Da mesma maneira, o viajante, no fundo de um vale nevoento, não vê a extensão
nem os pontos extremos da sua rota; mas, chegando ao cume da montanha, seu
olhar abrange o caminho percorrido e o que falta percorrer, vê o final de sua viagem,
os obstáculos que ainda tem de vencer, e pode então escolher com mais segurança
os meios de o atingir. O Espírito encarnado é como o viajante no fundo do vale;
desembaraçado dos liames terrestres, é como o que atingiu o cume. Para o
viajante, o fim é o repouso após a fadiga; para o Espírito, é a felicidade
suprema, após as tribulações e as provas.
Todos os
Espíritos dizem que, no estado errante, buscam, estudam, observam, para fazerem
suas escolhas. Não temos um exemplo disso na vida corpórea? Não buscamos muitas
vezes, através dos anos, a carreira que livremente acabamos por escolher,
porque a achamos a mais apropriada aos nossos objetivos? Se fracassamos numa,
procuramos outra. Cada carreira que abraçamos é uma fase, um período da vida.

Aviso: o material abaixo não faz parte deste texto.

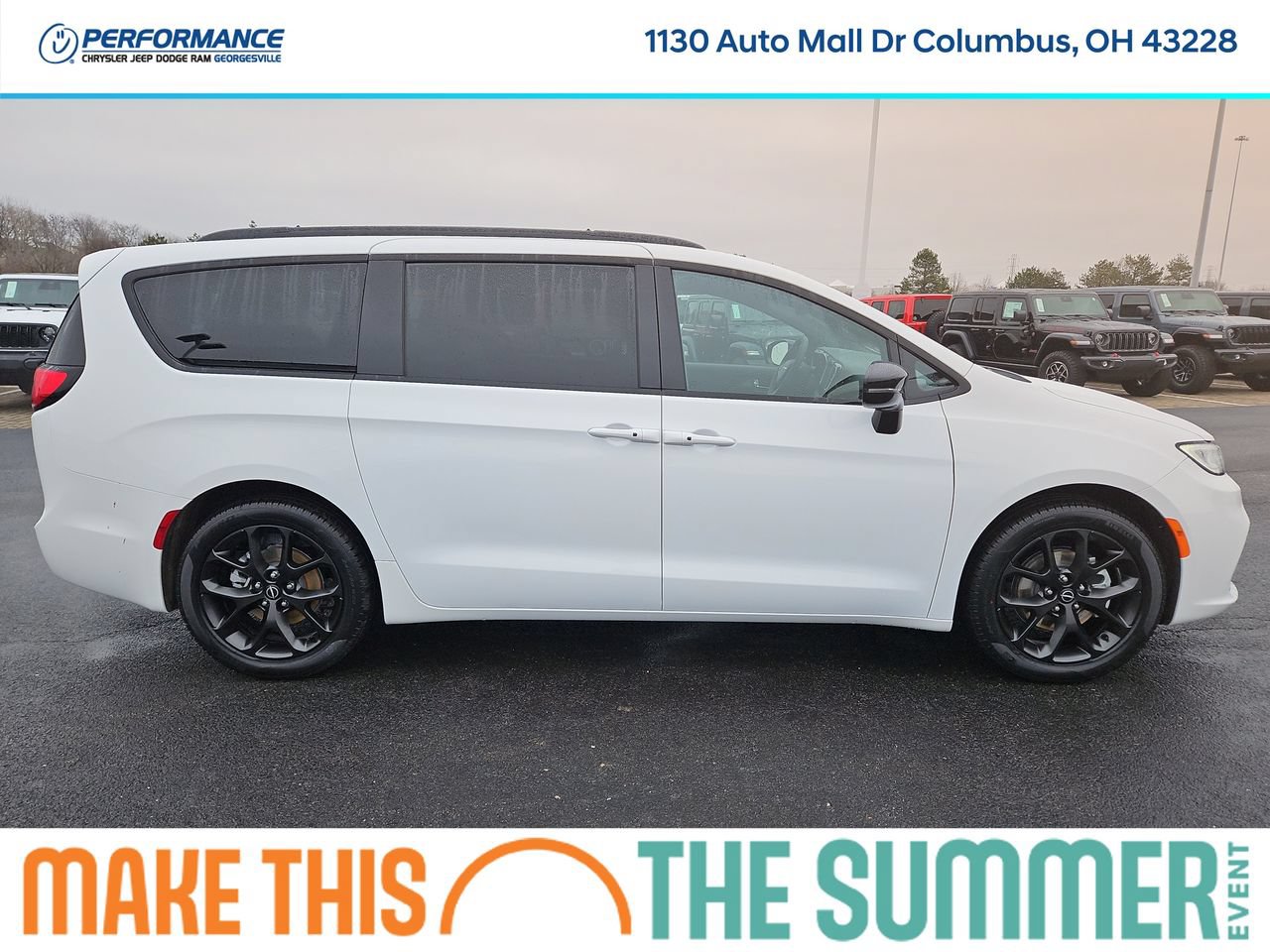 New 2026 Chrysler Pacifica Select w/ S Appearance Package FWD image 8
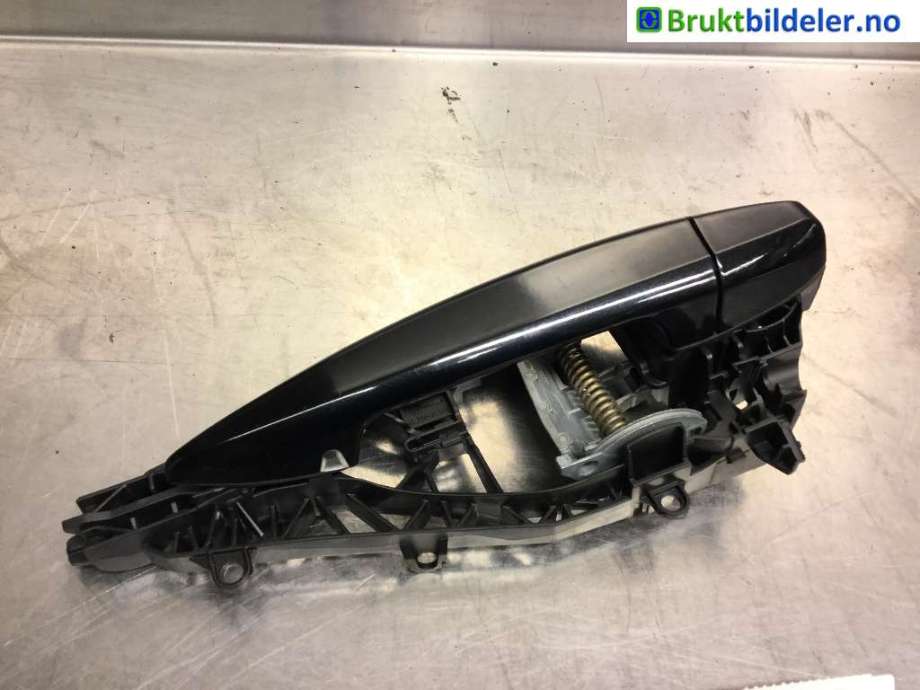 Dørhåndtak utv venstre bak til BMW X1 2015-2022 (F48) (F48) (BMW|)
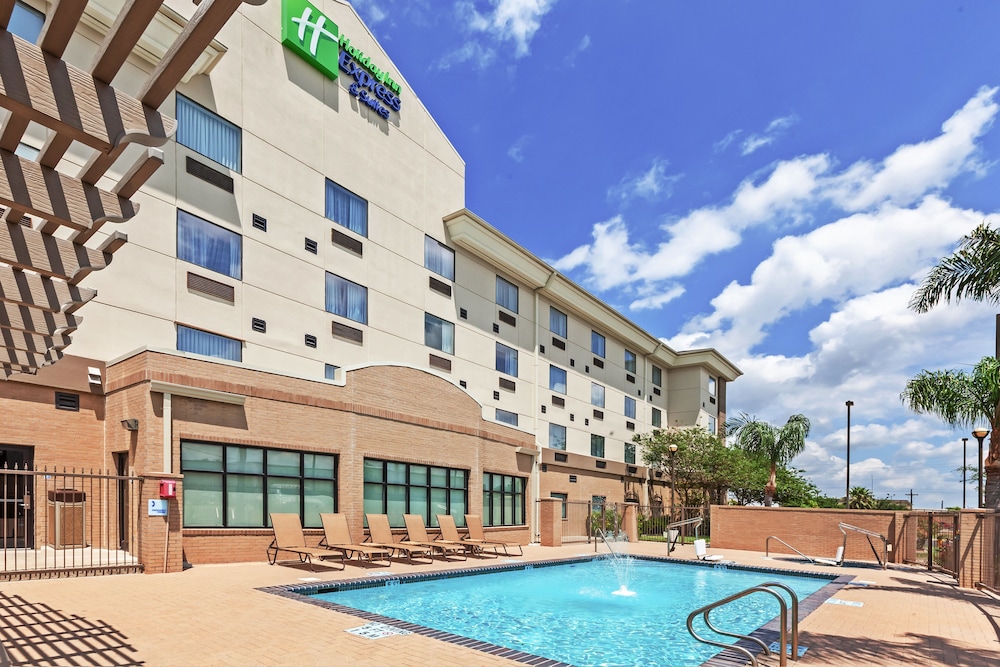 Holiday Inn Express Hotel & Suites Pharr by IHG - photo 21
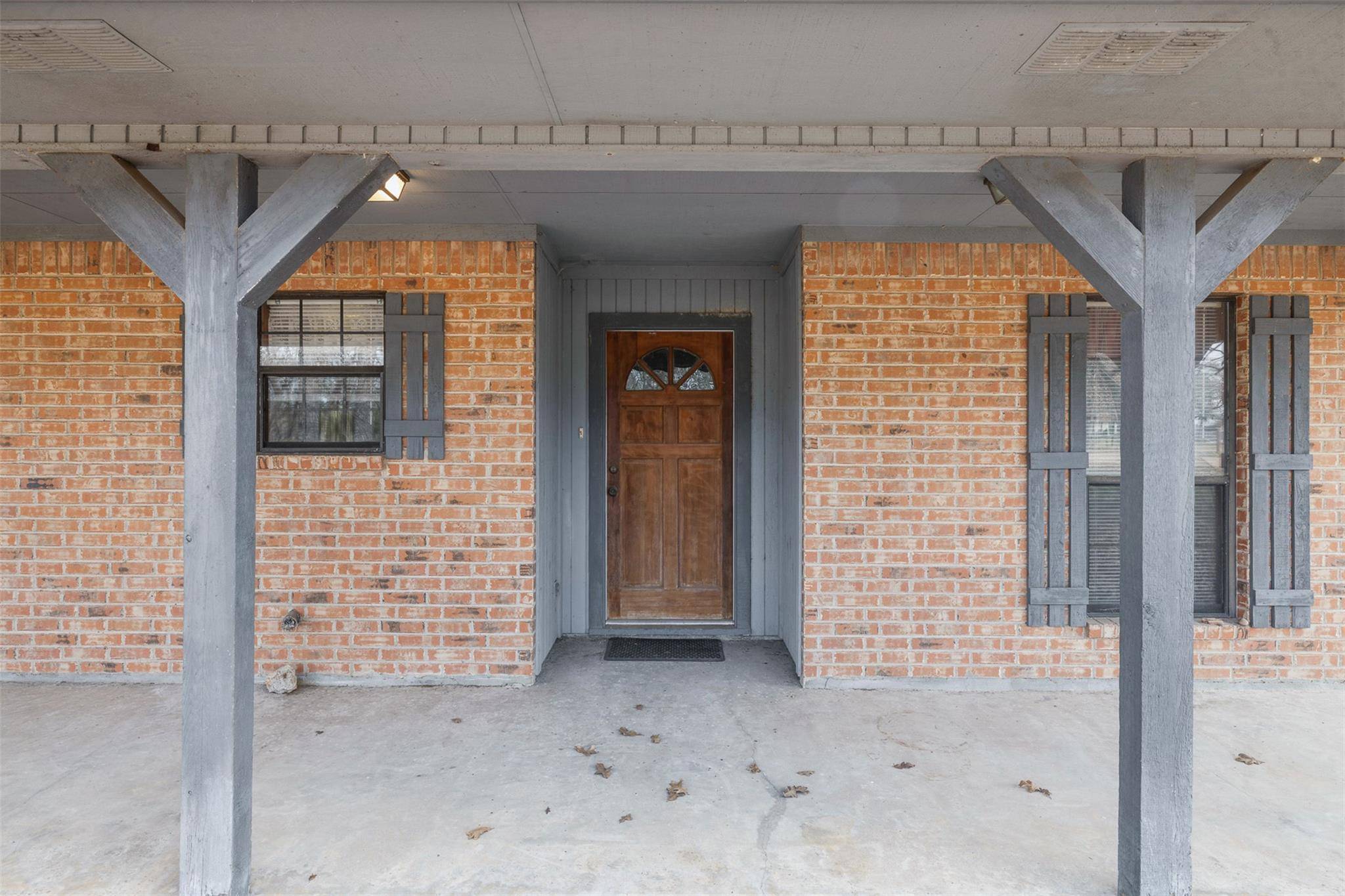 1196 Sherrill LN, Lexington, TX 78947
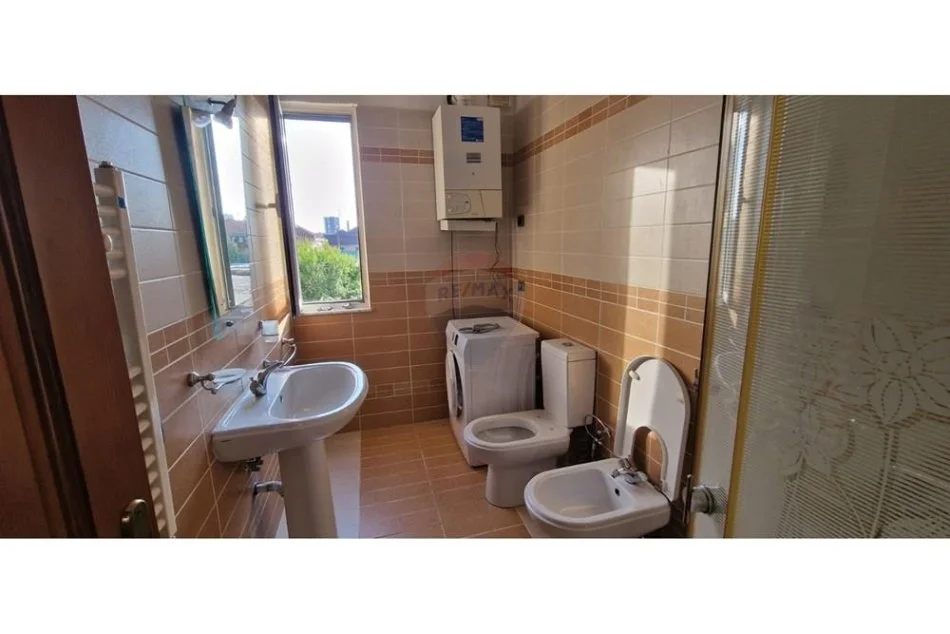 Tirane, jepet me qera apartament 2+1 , 120 m² 500 € (Rruga 5 maj)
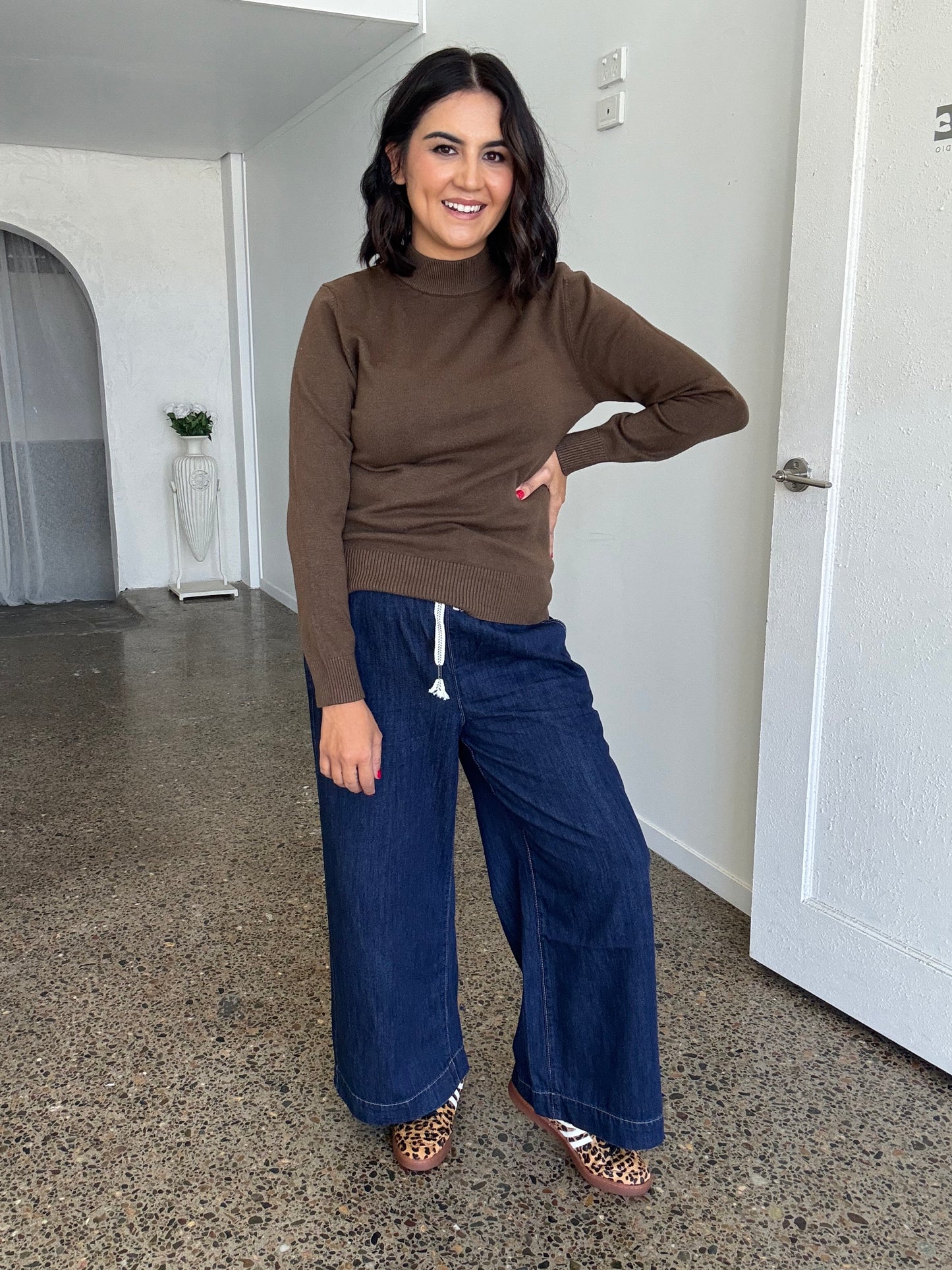 Mid Wash Wide Leg Jean Indigo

Não empregamos cada dia em escolher o que faremos no outro? Ora, o que são as
diferentes existências corpóreas para o Espírito, senão fases, períodos, dias
da sua vida espírita que. Como sabemos, é a vida normal, não sendo a vida
corpórea mais do que transitória, passageira?
O
Espírito influenciar pelos seu desejo, a sua escolha durante a vida corporal. Isso
depende da intenção. Mas, no estado de Espírito, frequentemente vê as coisas de
maneira diferente. É o Espírito quem faz a escolha. Mas, ainda assim, ele pode
fazê-la nesta vida material, porque o Espírito tem sempre os momentos em que se
liberta da matéria.
Muitas
pessoas desejam grandezas e riquezas, mas não o será, por certo, como expiação
nem como prova; a matéria deseja essa grandeza, para
gozá-la, e o Espírito a deseja, para conhecer-lhe as vicissitudes.
Até
que chegue ao estado de perfeita pureza, o Espírito tem de passar
constantemente por provas, mas elas não são como as
entendeis. Chamais provas às tribulações materiais; ora, o Espírito, chegando a
um certo grau, mesmo sem ser perfeito, não tem mais nada a sofrer. Mas tem
sempre deveres que o ajudam a se aperfeiçoar, e que não são penosas para ele, a
não ser os de ajudar os outros a se aperfeiçoarem.
O
Espírito pode enganar-se, quanto à eficácia da prova que escolher. Pode
escolher uma que esteja acima de suas forças, e então sucumbe. Pode também
escolher uma que não lhe dê proveito algum, como um gênero de vida ocioso e
inútil. Mas, nesse caso, voltando ao mundo dos Espíritos, percebe que nada
ganhou, e pede para recuperar o tempo perdido.
As
vocações de certas pessoas e sua vontade de seguir uma carreira em vez de outra,
não é a consequência de tudo o que dissemos sobre a escolha das
provas sobre o progresso realizado numa existência anterior?
Quando
o Espírito estuda, na erraticidade, as diversas condições em que poderá
progredir, não poderia nascer entre canibais, pois que não são os Espíritos
já adiantados que nascem entre os canibais, mas os Espíritos da mesma natureza
dos canibais, ou que lhes são inferiores.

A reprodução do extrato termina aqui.